In the situation of Definition 7.1.1.17, the functor $T: \operatorname{Fun}(K, \operatorname{\mathcal{C}}) \rightarrow \operatorname{\mathcal{C}}$ is a colimit functor for $\operatorname{\mathcal{C}}$ if and only if there exists a natural transformation

\[ \eta : \operatorname{id}_{ \operatorname{Fun}(K,\operatorname{\mathcal{C}}) } \rightarrow \delta \circ T \quad \quad u \mapsto (\eta _{u}: u \rightarrow \underline{ T(u) } ) \]

having the property that, for every diagram $u: K \rightarrow \operatorname{\mathcal{C}}$, the natural transformation $\eta _{u}$ exhibits $T(u)$ as a colimit of $u$ (see Corollary 6.2.4.5). In particular, if there exists a colimit functor $\operatorname{Fun}(K, \operatorname{\mathcal{C}}) \rightarrow \operatorname{\mathcal{C}}$, then the $\infty $-category $\operatorname{\mathcal{C}}$ admits $K$-indexed colimits. Using the criterion of Proposition 6.2.4.1, we see that the converse is also true:

Proposition 7.1.1.18. Let $\operatorname{\mathcal{C}}$ be an $\infty $-category and let $K$ be a simplicial set.
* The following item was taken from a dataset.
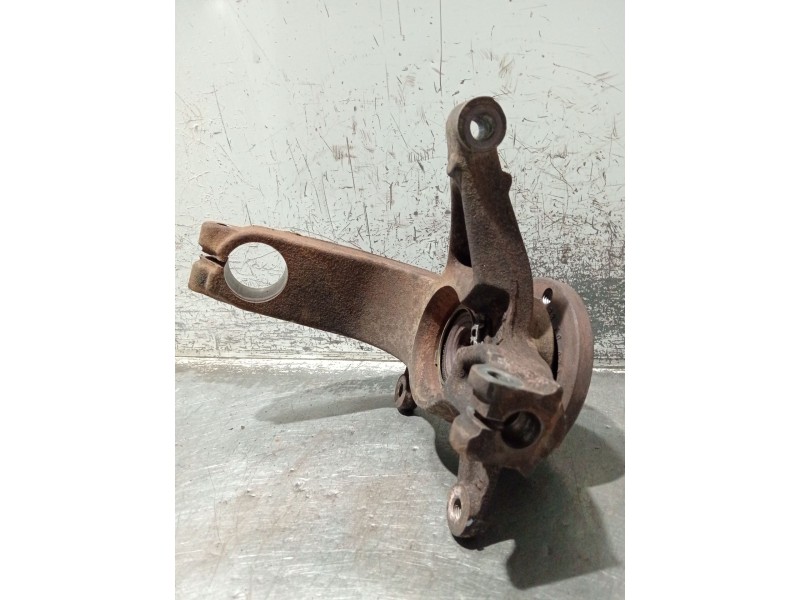 Recambio de mangueta delantera derecha para renault megane ii sedán (lm0/1_) 1.5 dci (lm0f, lm0t, lm2b) referencia OEM IAM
Then:

  • The $\infty $-category $\operatorname{\mathcal{C}}$ admits $K$-indexed limits if and only if the diagonal functor $\delta : \operatorname{\mathcal{C}}\rightarrow \operatorname{Fun}(K, \operatorname{\mathcal{C}})$ admits a right adjoint $G$. If this condition is satisfied, then the right adjoint $G: \operatorname{Fun}(K, \operatorname{\mathcal{C}}) \rightarrow \operatorname{\mathcal{C}}$ carries each diagram $u: K \rightarrow \operatorname{\mathcal{C}}$ to a limit $\varprojlim (u) \in \operatorname{\mathcal{C}}$.

  • The $\infty $-category $\operatorname{\mathcal{C}}$ admits $K$-indexed colimits if and only if the diagonal functor $\delta : \operatorname{\mathcal{C}}\rightarrow \operatorname{Fun}(K, \operatorname{\mathcal{C}})$ admits a left adjoint $F$. If this condition is satisfied, then the left adjoint $F: \operatorname{Fun}(K, \operatorname{\mathcal{C}}) \rightarrow \operatorname{\mathcal{C}}$ carries each diagram $u: K \rightarrow \operatorname{\mathcal{C}}$ to a colimit $\varinjlim (u) \in \operatorname{\mathcal{C}}$.